# Characterization of a closable linear operator

Let $A$ be a linear operator on $L$ with domain $D(A)$. To show that $A$ is closable, i.e., it has a closed linear extension, why does it suffice to show that if $\{f_n\}\subset D(A), f_n\to 0,$ and $Af_n\to g\in L,$ then $g=0$? I would greatly appreciate any help.

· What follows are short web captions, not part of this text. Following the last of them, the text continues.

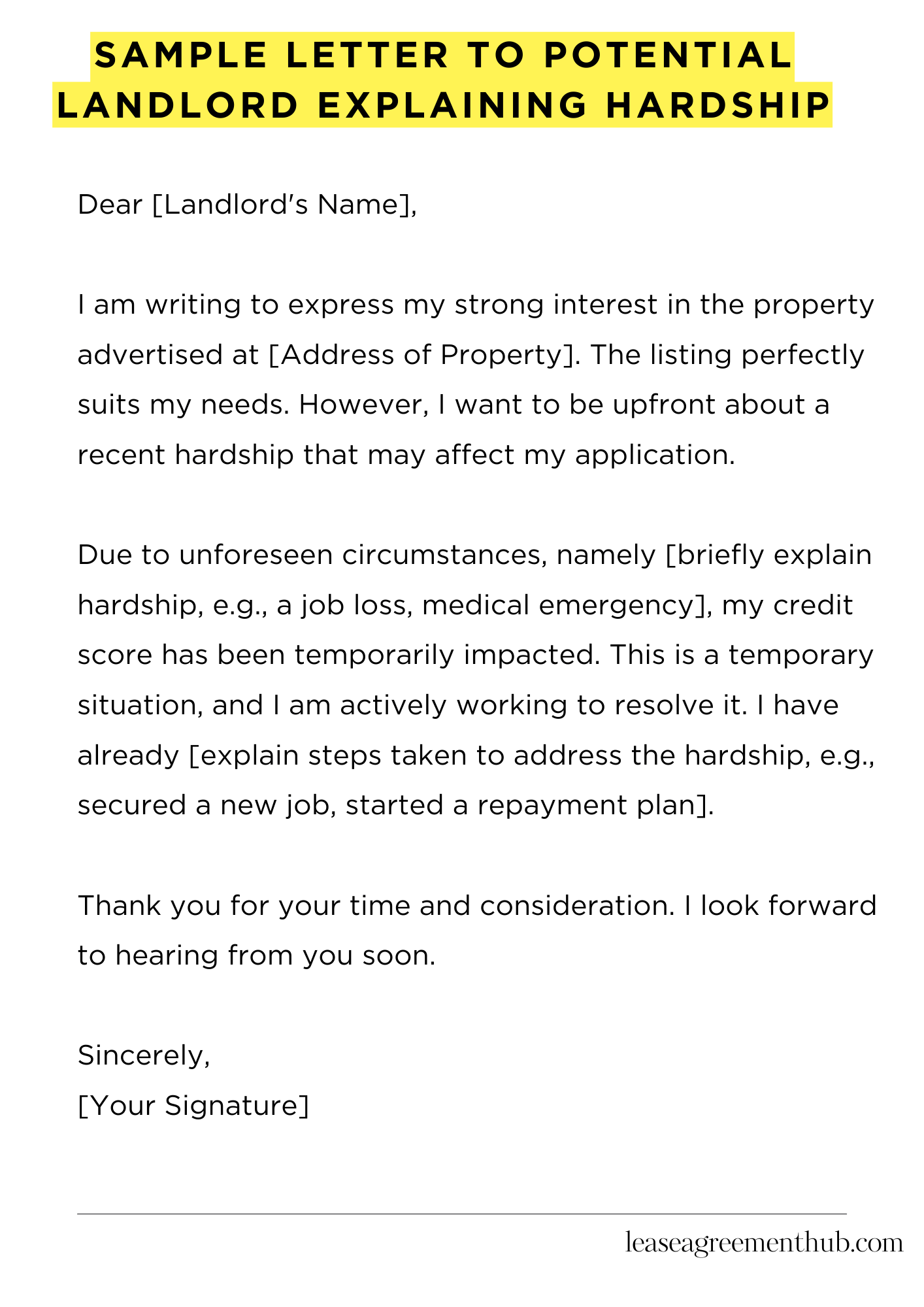 Sample Letter To Potential Landlord Explaining Hardship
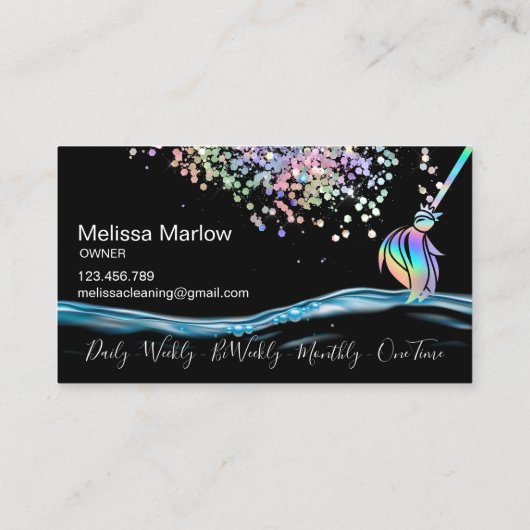 Maid House Cleaning Housekeeping Holograph 名刺 (裏面)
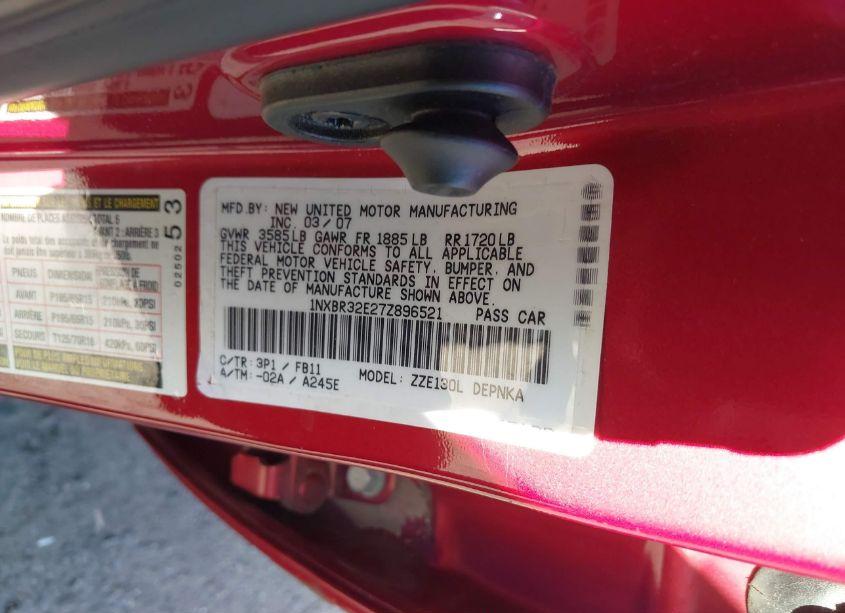 Photo 9 of 2007 Toyota Corolla LE (VIN 1NXBR32E27Z896521)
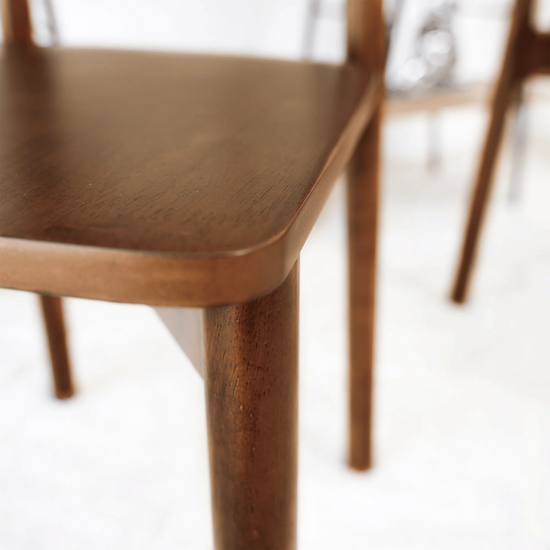 Set of 2 Mid century Modern open back square seat chairs | Brown wallnut wood frame 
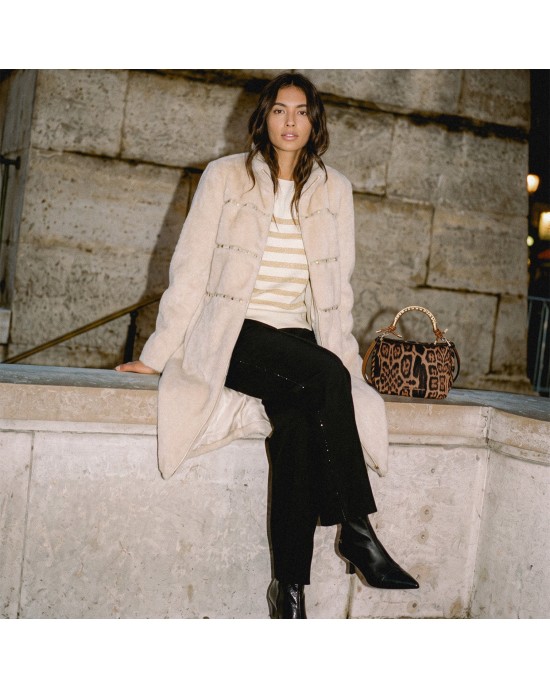 Lola Casademunt Faux Fur Long Hair Stud Details Beige Παλτό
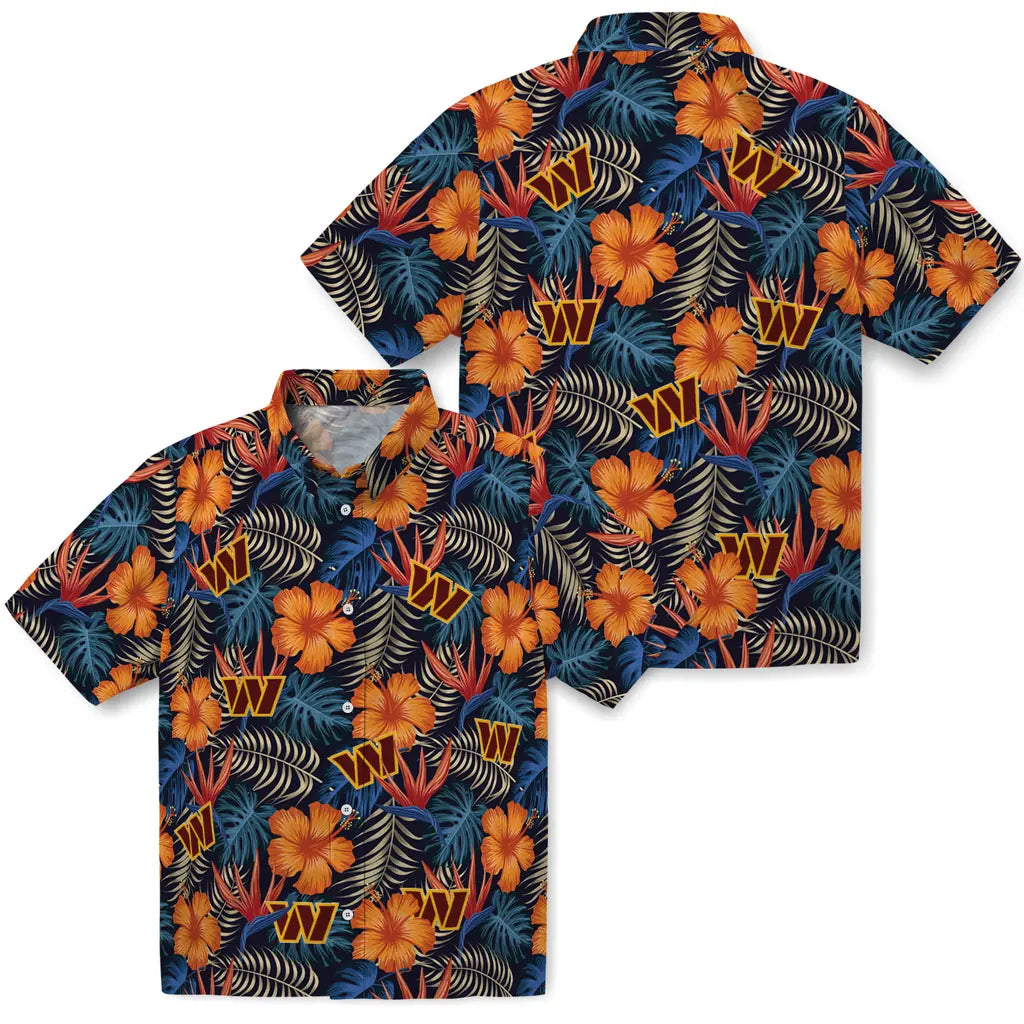 Washington Commanders Hawaiian Shirt - Hibiscus Foliage | Moonbestprint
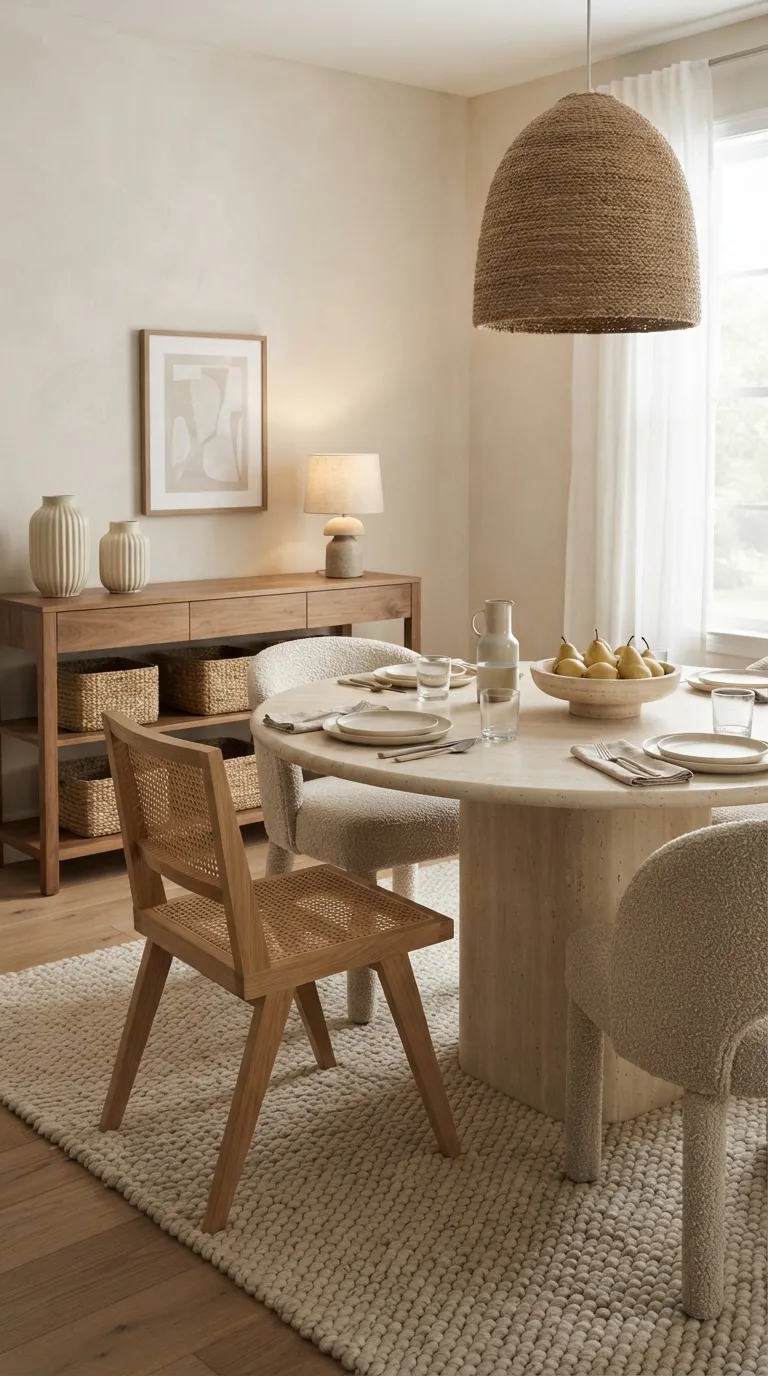 casual dining room decor ideas Layered Neutral Textures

So we say that an operator is closed if it has a closed graph. This means that given an unbounded operator $T \in \mathcal{B}(H,K)$ that $\{x,Tx)\}$ is closed in $H \times K$. This explicitly means that given a sequence $x_n \to x$ in H such that $Tx_n \to y$ in K that $y=Tx$. Now, if you can show that this holds at a point in H then you can extend to the whole domain of T in the typical way.
Given any operator $T$ on $L$, denote by $D(T)$ its domain and $\Gamma(T)$ its graph, i.e.

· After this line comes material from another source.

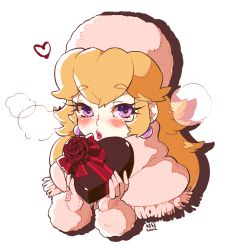 Rule 34 | 1girl, alternate costume, alternate eye color, artist name, blonde hair, blush, box, breath, cropped torso, earrings, eyelashes, fur gloves, fur hat, fur trim, gift, gift box, gloves, hat, heart, heart-shaped box, holding, holding box, holding gift, holding heart, incoming gift, jewelry, lips, long hair, looking at viewer, mario (series), mnx3e, nintendo, nose, pink lips, princess peach, puckered lips, purple eyes, red ribbon, ribbon, scarf, silhouette, simple background, solo, stitches, super mario bros. 1, thick eyebrows, upper body, valentine, white background, white gloves, white hat, white scarf, winter clothes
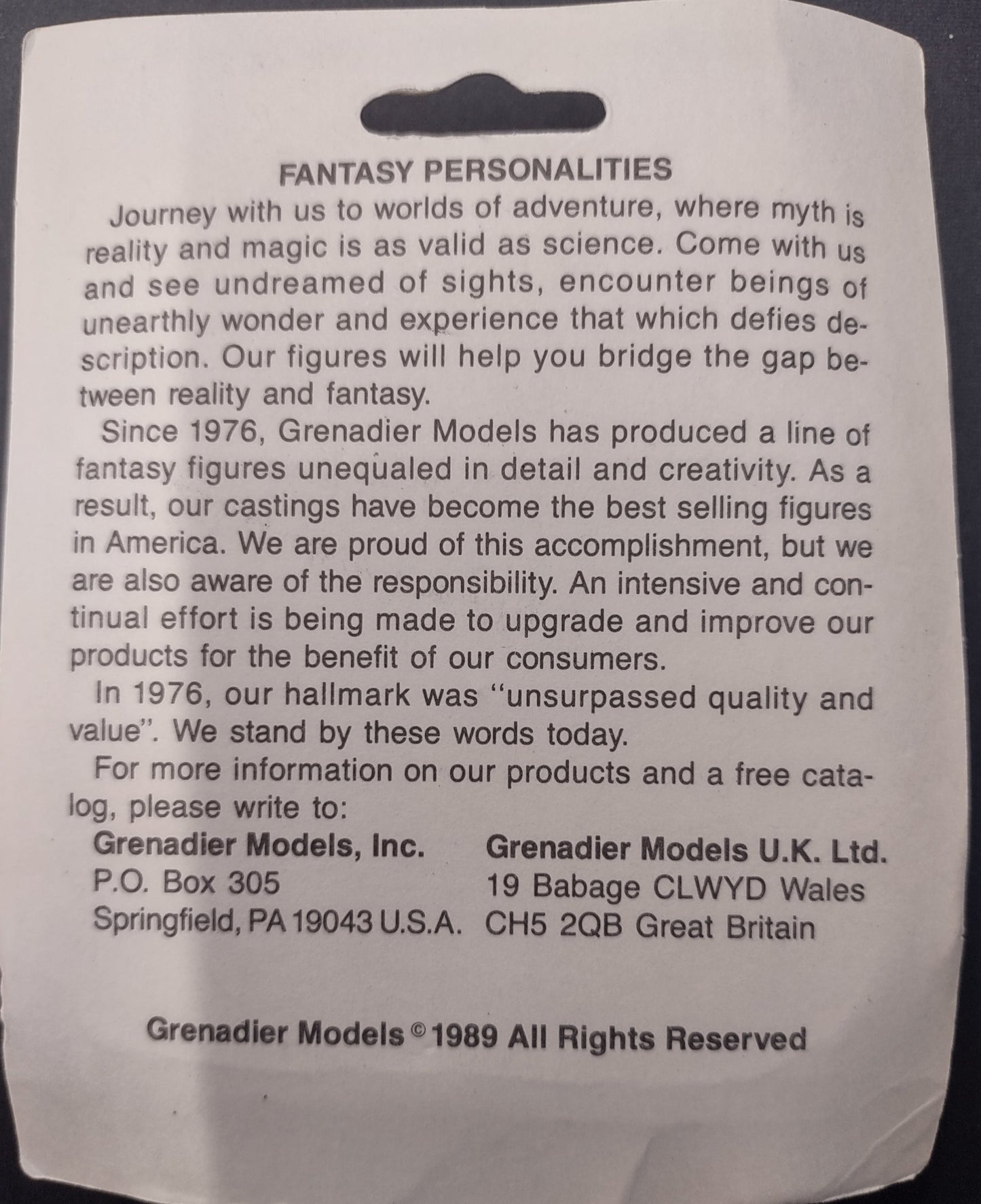 FANTASY PERSONALITIES: WRAITH #1114 (ANDREW CHERNACK) - GRENADIER MODELS-1989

$$\Gamma(T)=\{(x,Tx):x\in D(T)\}.$$
Note that $\Gamma(T)$ is a subspace of $L\times L$, and $T$ is closed if and only if $\Gamma(T)$ is a closed subspace. With that in mind, $T$ is closable if and only if $\overline{\Gamma(T)}=\Gamma(T')$ for some operator $T'$ on $L$ (and clearly $T'$ must be closed). I will prove this upon request, but it is a good exercise.

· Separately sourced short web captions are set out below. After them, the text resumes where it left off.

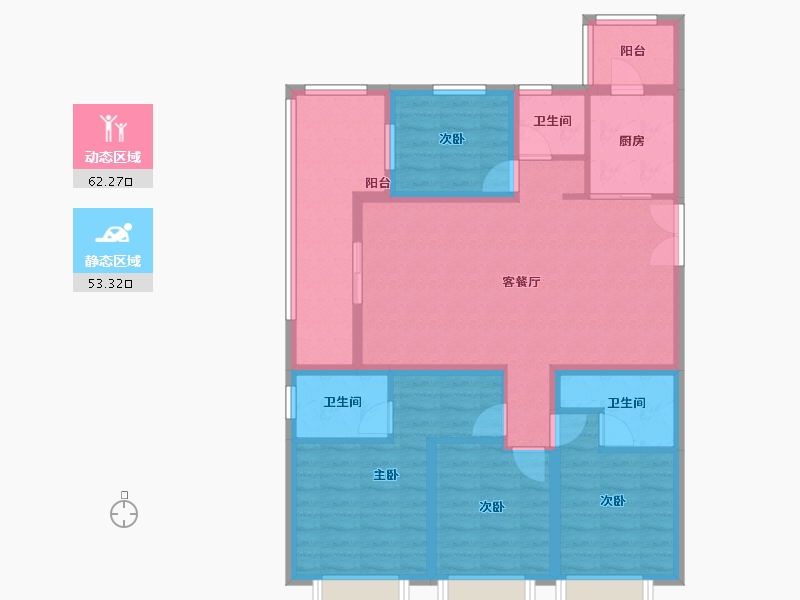 云南省-昆明市-绿地东海岸滇峰-102.40-户型库-动静分区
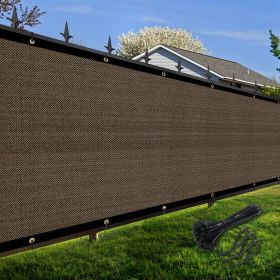 Artpuch Privacy Fence Screen Brown Customized Outdoor Mesh Panels for Backyard, Balcony,Patio,Construction Site with Zip Ties (Color: Brown, size: 6x93 ft)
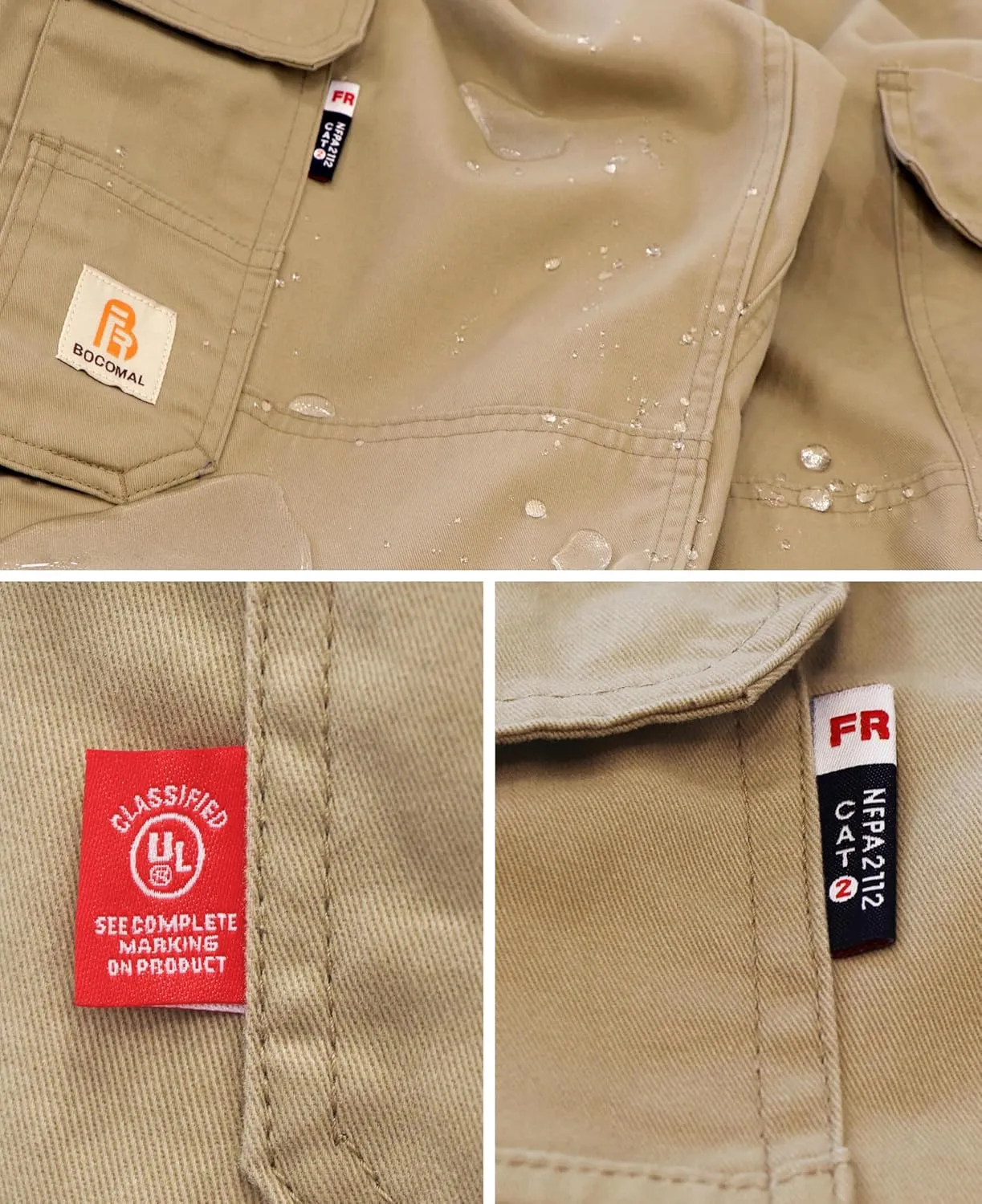 BOCOMAL FR Pants for Men Utility Cargo Pockets Flame Resistant/Fire Retardant Carpenter Water Oil Repellent Finish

Back to the problem at hand: assume that $\{f_n\}\subset D(A)$, $f_n\to0$, $Af_n\to g$ implies $g=0$. We want to show $\overline{\Gamma(A)}=\Gamma(A')$ for some operator $A'$ on $L$. Let $(f,g),(f,h)\in\overline{\Gamma(A)}$; it remains to show $g=h$. There exist sequences $\{(f^1_n,g_n)\},\{(f^2_n,h_n)\}\subset\Gamma(A)$ such that $(f_n^1,g_n)\to(f,g)$ and $(f_n^2,h_n)\to(f,h)$. Hence $f_n^1-f_n^2\to0$ and $A(f_n^1-f_n^2)=g_n-h_n\to g-h$. By assumption, this implies $g-h=0$, and we are done.